Quote the lines below from the one containing "ENOLA, applique extérieure" to the final line, both ends included; exclude the pictures.

__Given information__.
|---|

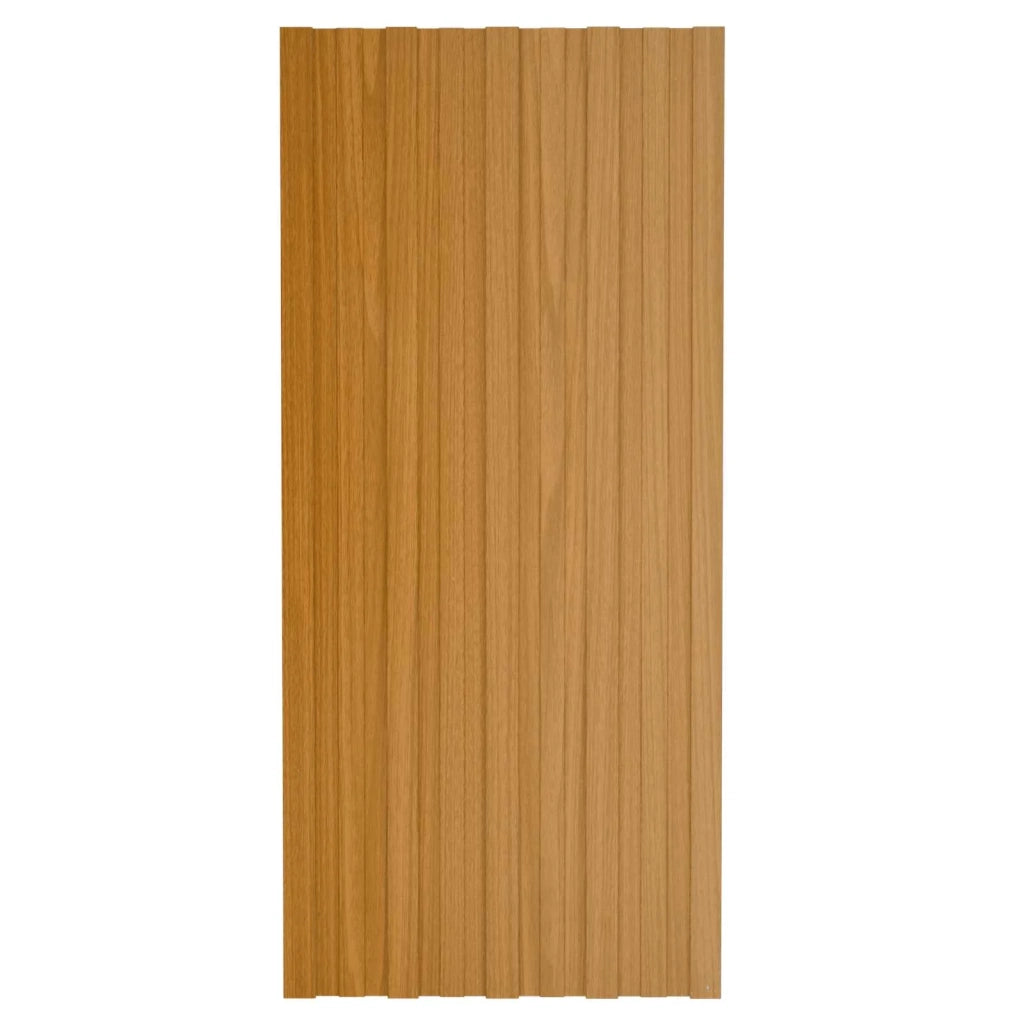 Pannello per tetto 12 pcs Naturale 100 x 45 cm Acciaio zincato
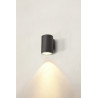 ENOLA, applique extérieure ronde, L, anthracite, LED 35W, 3000K/4000K, IP65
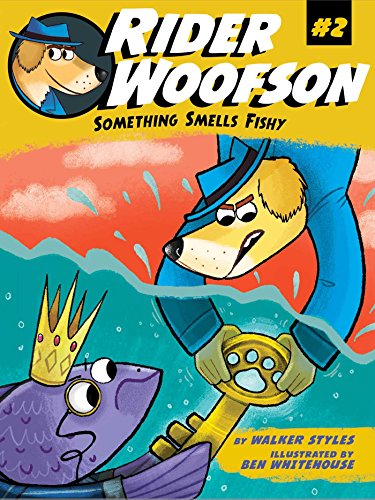 Beispielbild fr Something Smells Fishy (2) (Rider Woofson) zum Verkauf von Your Online Bookstore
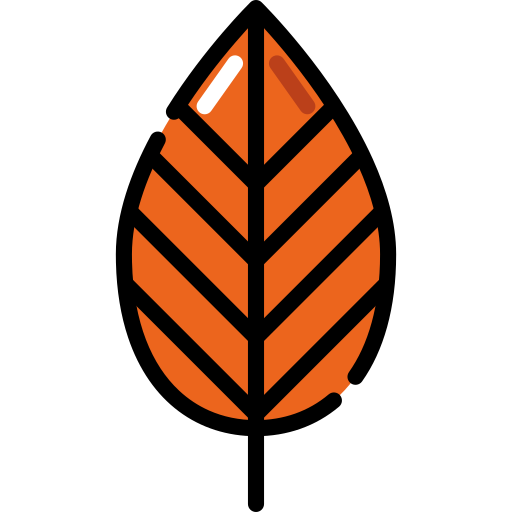 jesienny liść Generic color lineal-color ikona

|---|

__Solution to this exercise__.
 ENOLA, applique extérieure ronde, L, anthracite, LED 35W, 3000K/4000K, IP65
 Beispielbild fr Something Smells Fishy (2) (Rider Woofson) zum Verkauf von Your Online Bookstore
 jesienny liść Generic color lineal-color ikona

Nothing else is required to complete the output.